Math578 - Alexiades
                    ACF info
  • ACF is UTK's Advanced Computing Facility.
  • Our class ACF Project is "ACF-UTK0151".
  • If you already have ACF account: login to portal.nics.utk.edu and choose option to be added to Project ACF-UTK0151 .
  • If you do not have ACF account: go to https://portal.acf.utk.edu/accounts/request and request "new account", for Project ACF-UTK0151 .

                  Running MPI code on ACF
    Clusters and HPC systems, like ACF, provide environments for running BATCH jobs.
    Resources are loaded by "module", which drastically simplifies the Makefile.
    Running code involves several steps you need to be aware of:
    Login, transfer files, put them in Lustre, compile, submit batch job (via 'qsub' using PBSscript), and wait for it to run...
    ACF consists of several clusters, Beacon, Rho, Sigma, ... each with several nodes (beacon has 43 compute nodes),
    plus several login nodes. Each node has 16 "cores" in 2 "sockets".

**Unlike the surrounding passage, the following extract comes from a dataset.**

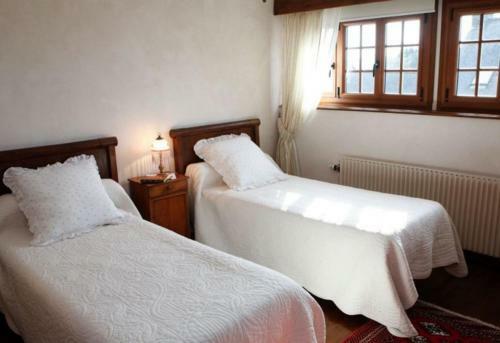 Bed & Breakfast La Tourelle 22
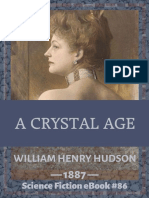 William Henry Hudson - A Crystal Age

  • File systems: Home directories are mounted on login (service) nodes via NFS, but NOT mounted on the compute nodes.
    You MUST run jobs from the Lustre file system, which provides "scratch" space, mounted on all compute nodes.
      The envar $SCRATCHDIR points to your scratch space.
      Create a link to it in your home dir:   ln -s $SCRATCHDIR Scratch   so you can do:  cd Scratch
    Note: Lustre files are NOT backed up, and are deleted after 30 days, should copy important files to your $HOME often.
  • Compilers:.   There are 2 suites:   Intel: mpiicc, mpiicpc, mpiifort , and Gnu: gcc, g++, gfortran.
      They are loaded by module (see below). See module commands   Intel compilers are faster than Gnu usually.
  • Scheduler and PBS: Jobs are submitted (to Torque manager and Moab scheduler) via a "PBSscript".
      Copy the following to a (plain text) file named PBSscript
      For each run, you will need to set: nodes=?:ppn=? ,  walltime ,  jobname ,  −n ?? ,  code.x
    ############ PBSscript for ACF ##########
    #PBS -S /bin/sh
    #PBS -A ACF-UTK0151             #( this is our account number )
    #PBS -l nodes=1:ppn=11		#( requests 11 cores of 1 node )
    #PBS -N name_for_your_job       #( short single_string e.g. J256on11 )
    #PBS -l walltime=00:30:00	#( hh:mm:ss )
    #PBS -j oe
    #PBS -k oe
    cd $PBS_O_WORKDIR		#(points to dir job is submitted from)
    ####------ ACF mpich ------:
    mpirun -n 11 ./code.x  	# < ./dat > ./OUT  (to redirect I/O) 
    ############ end of PBSscript ##########
    
    Submit with: qsub PBSscript
      This will schedule job "J256on11" to be run on 11 cores of one node (when resources become available...).
    Important: The batch system will allocate entire node exclusivelly to you, even if you only use 1 core!
               The more nodes (and cores) you request, the longer it will take for your job to start running...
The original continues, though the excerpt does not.